On June 16, 1775, George Washington was appointed commander in chief of the Continental Army by the Second Continental Congress. That same day, the Congress authorized the creation of the post of chief engineer for the army, in anticipation of upcoming battles with British forces. The engineers’ work building fortifications, surveying terrain, and clearing roads during the war proved so valuable to the Revolutionary forces that the Congress resolved, four years later, based on a recommendation from the Board of War:

Resolved, That the engineers in the service of the United States shall be formed into a corps, and styled the “corps of engineers;” and shall take rank and enjoy the same rights, honours, and privileges, with the other troops…That a commandant of the corps of engineers shall be appointed by Congress, to whom their orders, and those of the Commander in Chief, shall be addressed…

March 11, 1779. In Journals of the Continental Congress, 1774-1789. v. 13 (1779), p305. A Century of Lawmaking for a New Nation: U.S. Congressional Documents and Debates, 1774-1875

The future of the corps was even more firmly assured in 1802, when President Thomas Jefferson established the U.S. Military Academy at West Point, the first U.S. school of engineering. Until 1866, the superintendent of West Point was an engineer officer. One of West Point’s missions was to train generations of military engineers to participate in both military and civilian engineering projects on behalf of the nation.

The Army Corps of Engineers played an active role in the development and/or completion of many sites in the nation’s capital, including the Washington Monument, the Lincoln Memorial, Rock Creek Park, and the Library of Congress. Pierre Charles L’Enfant, a Frenchman who had served as an engineer during the American Revolutionary War, designed the basic plan of the city of Washington, D.C., and supervised the design of its earliest public buildings.
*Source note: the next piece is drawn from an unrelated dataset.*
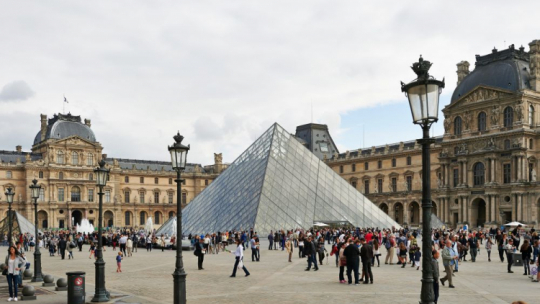 Luwr. Fot. PAP/A. Warżawa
Yorktown, Va. vicinity. Topographical Engineers, Camp Winfield Scott. James F. Gibson, photographer, May 2, 1862. Civil War. Prints & Photographs Division

The U.S. Army Corps of Engineers has engaged in various civil construction projects and has long maintained a national role in the development of coastal fortifications, lighthouses, and waterways; in the improvement of rivers and harbors; and in the design, building, and maintenance of structures such as bridges, canals, levees, locks, and hydroelectric dams and roads.

To relieve unemployment during the Great Depression, the U.S. Government engaged the Corps of Engineers in planning, constructing, and maintaining a vast flood control network of levees along the Mississippi River and its tributaries. The dams and locks of the related Upper Mississippi Nine-Foot Channel Project mitigated economic problems and brought a fully navigable interior river system to the Midwest.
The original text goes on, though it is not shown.